**TASK PROMPT:**
Output the data below exactly, down to the last character.
[Opening DATA RECORDS section]
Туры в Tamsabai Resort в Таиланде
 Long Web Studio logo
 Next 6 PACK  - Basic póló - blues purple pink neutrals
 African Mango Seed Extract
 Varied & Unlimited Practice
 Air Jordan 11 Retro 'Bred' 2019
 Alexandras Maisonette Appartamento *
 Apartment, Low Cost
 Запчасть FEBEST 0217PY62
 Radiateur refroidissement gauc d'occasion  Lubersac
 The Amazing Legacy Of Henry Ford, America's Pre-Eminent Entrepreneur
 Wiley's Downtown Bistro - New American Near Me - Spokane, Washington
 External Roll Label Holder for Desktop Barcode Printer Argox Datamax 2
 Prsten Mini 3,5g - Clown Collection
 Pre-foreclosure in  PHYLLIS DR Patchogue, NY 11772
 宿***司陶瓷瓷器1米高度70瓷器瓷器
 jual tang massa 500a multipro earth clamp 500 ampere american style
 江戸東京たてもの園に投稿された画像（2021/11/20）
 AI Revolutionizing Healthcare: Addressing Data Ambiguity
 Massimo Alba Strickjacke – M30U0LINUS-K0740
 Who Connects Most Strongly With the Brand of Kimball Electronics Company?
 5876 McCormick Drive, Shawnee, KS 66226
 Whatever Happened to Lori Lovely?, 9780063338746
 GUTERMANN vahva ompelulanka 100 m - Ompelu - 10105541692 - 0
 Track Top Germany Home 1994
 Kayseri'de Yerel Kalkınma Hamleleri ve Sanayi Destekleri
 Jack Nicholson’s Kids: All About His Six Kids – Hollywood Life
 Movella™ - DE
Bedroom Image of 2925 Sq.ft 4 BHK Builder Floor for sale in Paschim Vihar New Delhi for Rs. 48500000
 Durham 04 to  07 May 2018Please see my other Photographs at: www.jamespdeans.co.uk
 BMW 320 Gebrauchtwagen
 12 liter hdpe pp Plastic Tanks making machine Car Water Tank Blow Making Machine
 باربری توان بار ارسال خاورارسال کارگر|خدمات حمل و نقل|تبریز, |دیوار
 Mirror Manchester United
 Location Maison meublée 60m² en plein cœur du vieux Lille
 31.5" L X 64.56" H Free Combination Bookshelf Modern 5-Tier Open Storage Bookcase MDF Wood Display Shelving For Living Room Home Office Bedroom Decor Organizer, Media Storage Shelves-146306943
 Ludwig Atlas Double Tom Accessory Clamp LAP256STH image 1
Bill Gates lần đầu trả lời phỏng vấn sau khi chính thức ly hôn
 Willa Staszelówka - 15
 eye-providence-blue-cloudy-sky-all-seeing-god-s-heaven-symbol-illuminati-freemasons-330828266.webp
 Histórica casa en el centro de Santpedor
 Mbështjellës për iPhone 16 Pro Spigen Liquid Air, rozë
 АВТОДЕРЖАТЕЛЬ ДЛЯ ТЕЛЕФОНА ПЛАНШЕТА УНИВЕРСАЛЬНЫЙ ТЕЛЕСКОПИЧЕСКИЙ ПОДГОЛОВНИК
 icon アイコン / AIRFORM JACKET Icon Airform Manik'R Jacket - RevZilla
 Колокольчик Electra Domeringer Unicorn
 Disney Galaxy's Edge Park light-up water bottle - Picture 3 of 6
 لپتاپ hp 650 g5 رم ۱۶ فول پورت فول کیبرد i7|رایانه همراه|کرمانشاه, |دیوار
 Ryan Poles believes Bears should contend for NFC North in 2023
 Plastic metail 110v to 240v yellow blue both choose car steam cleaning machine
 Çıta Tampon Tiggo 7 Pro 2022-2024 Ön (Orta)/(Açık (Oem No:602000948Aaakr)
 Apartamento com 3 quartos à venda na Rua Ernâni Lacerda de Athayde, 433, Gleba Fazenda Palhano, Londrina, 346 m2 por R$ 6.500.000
[Closing DATA RECORDS section]
**WRITTEN RESPONSE:**
Туры в Tamsabai Resort в Таиланде
 Long Web Studio logo
 Next 6 PACK  - Basic póló - blues purple pink neutrals
 African Mango Seed Extract
 Varied & Unlimited Practice
 Air Jordan 11 Retro 'Bred' 2019
 Alexandras Maisonette Appartamento *
 Apartment, Low Cost
 Запчасть FEBEST 0217PY62
 Radiateur refroidissement gauc d'occasion  Lubersac
 The Amazing Legacy Of Henry Ford, America's Pre-Eminent Entrepreneur
 Wiley's Downtown Bistro - New American Near Me - Spokane, Washington
 External Roll Label Holder for Desktop Barcode Printer Argox Datamax 2
 Prsten Mini 3,5g - Clown Collection
 Pre-foreclosure in  PHYLLIS DR Patchogue, NY 11772
 宿***司陶瓷瓷器1米高度70瓷器瓷器
 jual tang massa 500a multipro earth clamp 500 ampere american style
 江戸東京たてもの園に投稿された画像（2021/11/20）
 AI Revolutionizing Healthcare: Addressing Data Ambiguity
 Massimo Alba Strickjacke – M30U0LINUS-K0740
 Who Connects Most Strongly With the Brand of Kimball Electronics Company?
 5876 McCormick Drive, Shawnee, KS 66226
 Whatever Happened to Lori Lovely?, 9780063338746
 GUTERMANN vahva ompelulanka 100 m - Ompelu - 10105541692 - 0
 Track Top Germany Home 1994
 Kayseri'de Yerel Kalkınma Hamleleri ve Sanayi Destekleri
 Jack Nicholson’s Kids: All About His Six Kids – Hollywood Life
 Movella™ - DE
Bedroom Image of 2925 Sq.ft 4 BHK Builder Floor for sale in Paschim Vihar New Delhi for Rs. 48500000
 Durham 04 to  07 May 2018Please see my other Photographs at: www.jamespdeans.co.uk
 BMW 320 Gebrauchtwagen
 12 liter hdpe pp Plastic Tanks making machine Car Water Tank Blow Making Machine
 باربری توان بار ارسال خاورارسال کارگر|خدمات حمل و نقل|تبریز, |دیوار
 Mirror Manchester United
 Location Maison meublée 60m² en plein cœur du vieux Lille
 31.5" L X 64.56" H Free Combination Bookshelf Modern 5-Tier Open Storage Bookcase MDF Wood Display Shelving For Living Room Home Office Bedroom Decor Organizer, Media Storage Shelves-146306943
 Ludwig Atlas Double Tom Accessory Clamp LAP256STH image 1
Bill Gates lần đầu trả lời phỏng vấn sau khi chính thức ly hôn
 Willa Staszelówka - 15
 eye-providence-blue-cloudy-sky-all-seeing-god-s-heaven-symbol-illuminati-freemasons-330828266.webp
 Histórica casa en el centro de Santpedor
 Mbështjellës për iPhone 16 Pro Spigen Liquid Air, rozë
 АВТОДЕРЖАТЕЛЬ ДЛЯ ТЕЛЕФОНА ПЛАНШЕТА УНИВЕРСАЛЬНЫЙ ТЕЛЕСКОПИЧЕСКИЙ ПОДГОЛОВНИК
 icon アイコン / AIRFORM JACKET Icon Airform Manik'R Jacket - RevZilla
 Колокольчик Electra Domeringer Unicorn
 Disney Galaxy's Edge Park light-up water bottle - Picture 3 of 6
 لپتاپ hp 650 g5 رم ۱۶ فول پورت فول کیبرد i7|رایانه همراه|کرمانشاه, |دیوار
 Ryan Poles believes Bears should contend for NFC North in 2023
 Plastic metail 110v to 240v yellow blue both choose car steam cleaning machine
 Çıta Tampon Tiggo 7 Pro 2022-2024 Ön (Orta)/(Açık (Oem No:602000948Aaakr)
 Apartamento com 3 quartos à venda na Rua Ernâni Lacerda de Athayde, 433, Gleba Fazenda Palhano, Londrina, 346 m2 por R$ 6.500.000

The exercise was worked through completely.